ACTIVITY: Among the lines of data below, reproduce only those from the one with "Barcelona Lionel Messi Signed Jersey Framed" through the one with "Кресло LD SEATING", exactly as they stand, both ends included.

TASK INPUTS:
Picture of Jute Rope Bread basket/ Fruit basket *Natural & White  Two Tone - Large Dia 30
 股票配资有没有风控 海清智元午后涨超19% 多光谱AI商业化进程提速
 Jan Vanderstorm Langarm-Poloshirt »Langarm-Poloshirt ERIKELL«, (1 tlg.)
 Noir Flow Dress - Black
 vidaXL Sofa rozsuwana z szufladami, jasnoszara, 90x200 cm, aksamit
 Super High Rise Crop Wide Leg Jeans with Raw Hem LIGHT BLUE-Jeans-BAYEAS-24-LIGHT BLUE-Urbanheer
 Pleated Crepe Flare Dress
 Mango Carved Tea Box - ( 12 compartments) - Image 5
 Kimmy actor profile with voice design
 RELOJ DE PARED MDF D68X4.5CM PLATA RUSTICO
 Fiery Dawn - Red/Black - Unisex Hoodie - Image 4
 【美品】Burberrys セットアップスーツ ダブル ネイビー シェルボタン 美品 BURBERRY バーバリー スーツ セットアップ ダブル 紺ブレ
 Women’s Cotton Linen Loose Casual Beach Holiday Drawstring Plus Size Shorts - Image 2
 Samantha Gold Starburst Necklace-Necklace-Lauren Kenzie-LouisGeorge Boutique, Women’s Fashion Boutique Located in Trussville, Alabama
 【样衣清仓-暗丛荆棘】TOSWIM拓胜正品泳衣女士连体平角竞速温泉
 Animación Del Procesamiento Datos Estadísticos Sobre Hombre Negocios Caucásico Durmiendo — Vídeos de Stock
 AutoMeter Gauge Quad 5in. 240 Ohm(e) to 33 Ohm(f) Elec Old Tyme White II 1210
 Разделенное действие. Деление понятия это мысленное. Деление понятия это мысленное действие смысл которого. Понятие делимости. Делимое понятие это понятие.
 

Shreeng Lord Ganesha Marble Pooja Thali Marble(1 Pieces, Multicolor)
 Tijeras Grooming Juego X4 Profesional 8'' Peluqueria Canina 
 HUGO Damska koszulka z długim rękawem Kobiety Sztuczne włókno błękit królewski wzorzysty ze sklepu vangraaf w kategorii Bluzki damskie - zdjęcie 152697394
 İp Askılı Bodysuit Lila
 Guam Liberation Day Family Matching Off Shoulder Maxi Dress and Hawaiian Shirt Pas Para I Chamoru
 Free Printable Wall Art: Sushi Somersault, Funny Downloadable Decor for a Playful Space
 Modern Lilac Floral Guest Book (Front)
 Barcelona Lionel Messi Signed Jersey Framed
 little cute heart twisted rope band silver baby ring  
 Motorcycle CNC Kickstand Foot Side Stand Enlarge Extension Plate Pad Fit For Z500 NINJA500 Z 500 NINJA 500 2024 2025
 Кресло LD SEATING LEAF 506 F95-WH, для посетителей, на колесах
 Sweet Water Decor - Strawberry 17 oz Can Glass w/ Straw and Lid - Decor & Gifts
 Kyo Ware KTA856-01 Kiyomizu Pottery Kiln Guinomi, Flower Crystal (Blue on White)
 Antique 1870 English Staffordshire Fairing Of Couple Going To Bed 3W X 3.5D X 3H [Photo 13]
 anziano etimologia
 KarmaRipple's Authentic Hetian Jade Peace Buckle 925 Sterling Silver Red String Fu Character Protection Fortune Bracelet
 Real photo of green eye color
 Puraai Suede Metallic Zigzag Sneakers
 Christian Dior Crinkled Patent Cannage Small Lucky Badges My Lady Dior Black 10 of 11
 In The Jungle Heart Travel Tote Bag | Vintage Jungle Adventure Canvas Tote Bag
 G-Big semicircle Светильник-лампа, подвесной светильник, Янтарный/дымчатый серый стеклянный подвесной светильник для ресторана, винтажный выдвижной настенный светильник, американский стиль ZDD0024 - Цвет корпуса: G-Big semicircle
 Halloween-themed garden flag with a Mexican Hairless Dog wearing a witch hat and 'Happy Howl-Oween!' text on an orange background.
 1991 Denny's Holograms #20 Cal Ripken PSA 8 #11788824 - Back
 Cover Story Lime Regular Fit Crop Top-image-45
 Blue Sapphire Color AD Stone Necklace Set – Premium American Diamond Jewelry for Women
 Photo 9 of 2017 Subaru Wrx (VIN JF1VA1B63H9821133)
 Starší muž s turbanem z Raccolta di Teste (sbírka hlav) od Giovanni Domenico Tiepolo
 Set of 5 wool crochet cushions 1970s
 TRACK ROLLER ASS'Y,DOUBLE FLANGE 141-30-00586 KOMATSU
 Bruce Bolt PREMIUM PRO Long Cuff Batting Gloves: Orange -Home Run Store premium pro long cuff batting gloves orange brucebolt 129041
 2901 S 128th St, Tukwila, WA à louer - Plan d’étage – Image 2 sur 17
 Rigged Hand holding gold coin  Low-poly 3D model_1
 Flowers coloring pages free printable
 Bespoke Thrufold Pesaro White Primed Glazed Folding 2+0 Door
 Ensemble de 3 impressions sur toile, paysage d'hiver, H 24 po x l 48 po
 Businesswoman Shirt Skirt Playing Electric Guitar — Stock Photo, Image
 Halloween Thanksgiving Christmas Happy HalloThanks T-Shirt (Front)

REPLY TO THE TASK:
 Barcelona Lionel Messi Signed Jersey Framed
 little cute heart twisted rope band silver baby ring  
 Motorcycle CNC Kickstand Foot Side Stand Enlarge Extension Plate Pad Fit For Z500 NINJA500 Z 500 NINJA 500 2024 2025
 Кресло LD SEATING LEAF 506 F95-WH, для посетителей, на колесах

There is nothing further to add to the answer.